## Given material
====

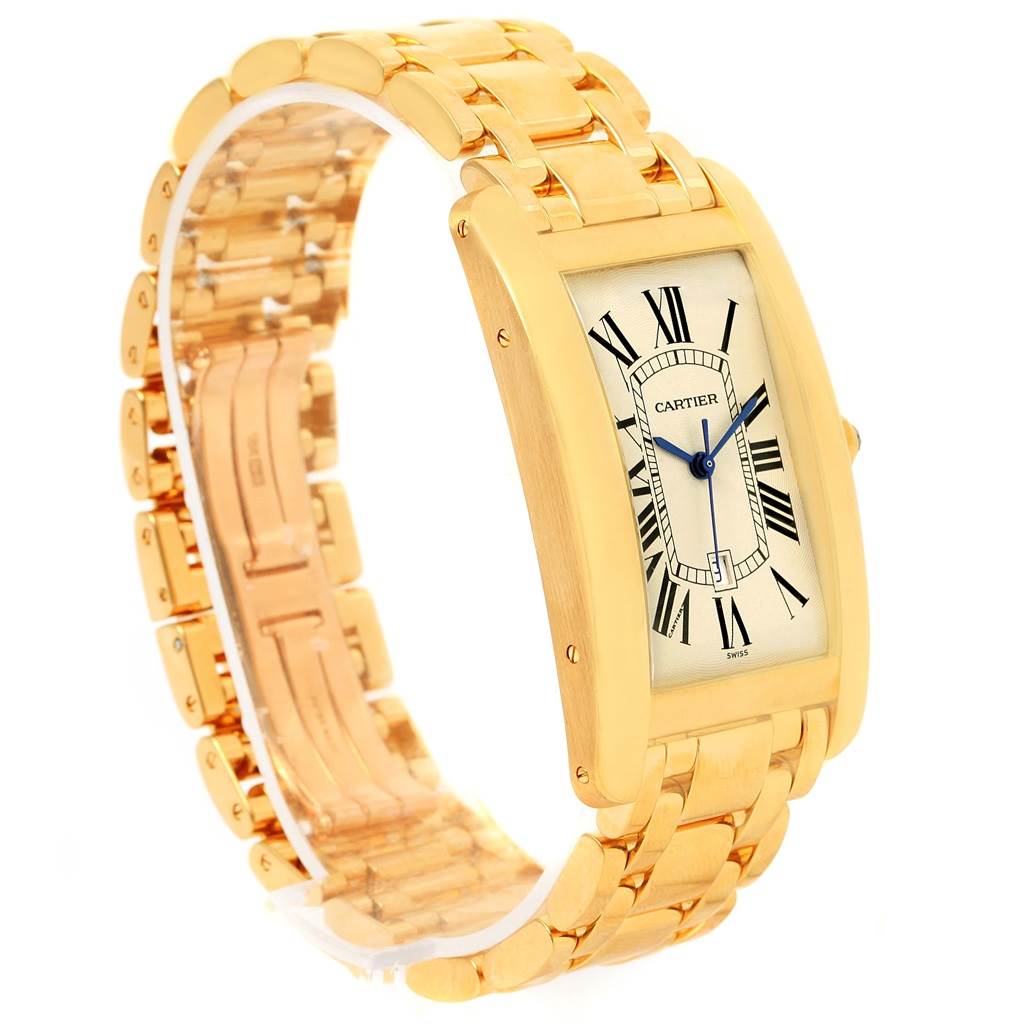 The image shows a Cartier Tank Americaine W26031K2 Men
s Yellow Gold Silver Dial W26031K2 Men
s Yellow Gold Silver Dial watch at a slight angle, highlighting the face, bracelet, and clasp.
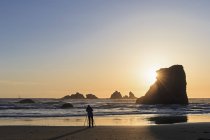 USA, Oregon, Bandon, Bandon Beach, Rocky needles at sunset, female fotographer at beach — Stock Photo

====

All of the material above goes into the copy exactly as is; the pictures do not.

 The image shows a Cartier Tank Americaine W26031K2 Men
s Yellow Gold Silver Dial W26031K2 Men
s Yellow Gold Silver Dial watch at a slight angle, highlighting the face, bracelet, and clasp.
 USA, Oregon, Bandon, Bandon Beach, Rocky needles at sunset, female fotographer at beach — Stock Photo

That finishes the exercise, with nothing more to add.